Eger, Hungary, and the Valley of the Beautiful Women

 by Carol Perehudoff


EGER, HUNGARY – My search for the Valley of the Beautiful Women was on. I’d arrived in the town of Eger, Hungary, 130 km north of Budapest, the night before, intending to check out the sights. The thermal springs were easy to find, as my chalet-style hotel, the Hunguest Hotel Flora, opened right onto the water park.


Where's the wine?

Where's the wine?

The 13th-century castle of Eger was easy to spot, too. It rose from the town centre, its sturdy stone walls surrounded by pastel Baroque buildings. The Valley of the Beautiful Women was trickier. I only knew that it was a wine valley a 30-minute walk from town, famous for Egri Bikaver, a robust red wine more familiarly known as Bull’s Blood, a staple of college students worldwide. Its name is said to have come from the 16th-century invading Ottomans, who believed the fierce Hungarian soldiers got their strength by drinking wine mixed with bull’s blood.

Deciding anything alcohol related was best as an end-of-the-day activity, I headed first to the castle. It was here, in 1552, that 2,000 wine-fueled Hungarians fended off over 60,000 invading Ottomans. It wasn’t just the men fighting. The women of Eger fought, too, pouring oil, soup and hot fat over the invading Turks from the castle ramparts. After a 38-day siege, the Ottomans retreated and Eger was free.

The fact that in 1596 the Turks returned and were victorious is, of course, a less celebrated moment in Hungarian history, though a 40-metre tall minaret is a reminder of their 91-year rule.

If Bull’s Blood was going to make me as fearless and feisty as a Hungarian warrior woman, I was all for it. But I still didn’t know how to get there, and heading out of town with no clear idea where I was going seemed risky.

I was standing in the main square looking at an ornate pink church when a hokey little tourist train pulled up to the curb. “Do you go to the Valley?” I asked the driver.

“Yes! Yes! Stop at Valley of Beautiful Women for 10 minutes and drink a cup of wine.”

It was 6 p.m., the last train of the day, so I hopped on. Crammed in among a group of French families, I clung tight as we sailed through the streets and past the town limits, swooping into a small horseshoe-shaped valley dotted with cave-like cellars.


Ah, I found the vino

Ah, I found the vino

“10 minutes!” the driver said.

It would take more than 10 minutes to make me feisty and fearless so I decided to ditch the train and worry about getting back later.
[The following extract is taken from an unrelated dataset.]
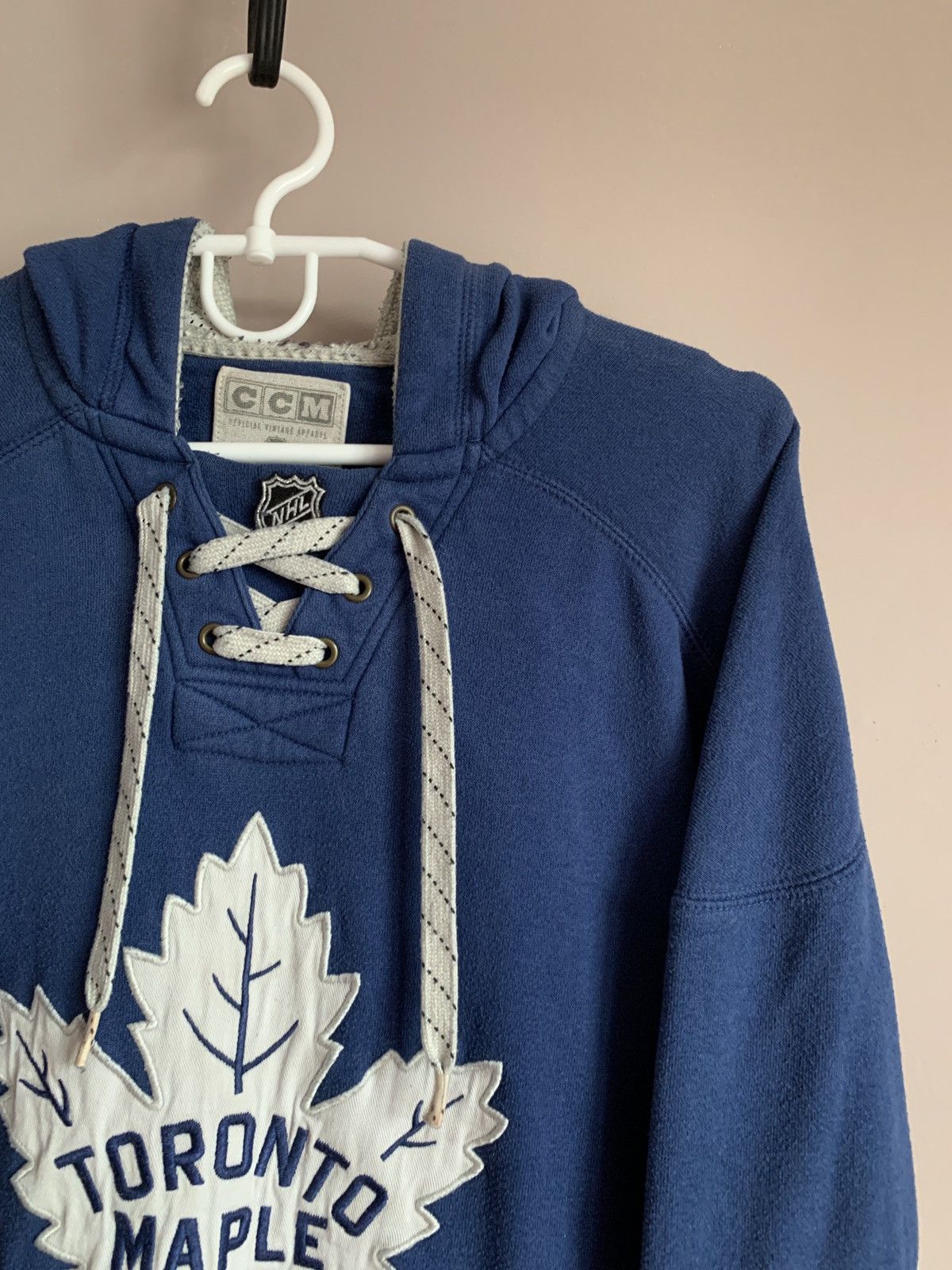 NHL Toronto Maple Leafs NHL Hoodie Hockey CCM Small Size US S / EU 44-46 / 1 - 4 Thumbnail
While some of the wine cellars were dressed up with patios and brick or wooden facades, others had simple creaky wooden doors. Likely dug by locals seeking refuge during the Turkish occupation of Eger, the caves make ideal wine cellars, providing storage and outlets for local vineyards. Like Bulls’ Blood itself, the establishments looked unpretentious and inexpensive – the kind where you can bring your own bottle to be filled.

Outside a cellar with a fake castle front, I started talking to an Englishman from Brighton named Dan. His grandfather was from Eger, he said, and he’d been raised on Bull’s Blood.

Glad for an expert guide, I followed him into a tunnel-shaped cellar. Bottles were laid flat on shelves against the wall and pitchers of wine sat on the counter. A blond woman served me a glass of red, then Dan and I cellar hopped around the horseshoe. The highlight was cave 28, where the carafes on the counter looked like science experiments and the Bull’s Blood, light and tart, slid down my throat and before I could say I didn’t really care for it, it was gone.

In no time at all I’d learned how to say cheers in Hungarian (Egeszsegedre!), that Bull’s Blood was a blended wine, and that 2003 was a good year, but I hadn’t solved the problem of getting back to my hotel. “Are you walking back to town?” I asked Dan hopefully.

“Sorry, I’m camping near the valley,” he said.

I’d have to go back alone. Night was falling, I had only a vague idea of where the town was, and I’d drunk too much wine. At least, I thought, heading out the valley, into the dusk and eventually back to town, I felt fearless about it.


Just the Facts for Eger, Hungary:

How to get there: Eger is a two-hour train ride from Budapest. It can be done as a day trip but the charming Baroque buildings, wine cellars and thermal springs warrant an overnight stay.

Eger hotels: The Hunguest Hotel Flora offers free entrance to the water park and is a short walk to the centre of town.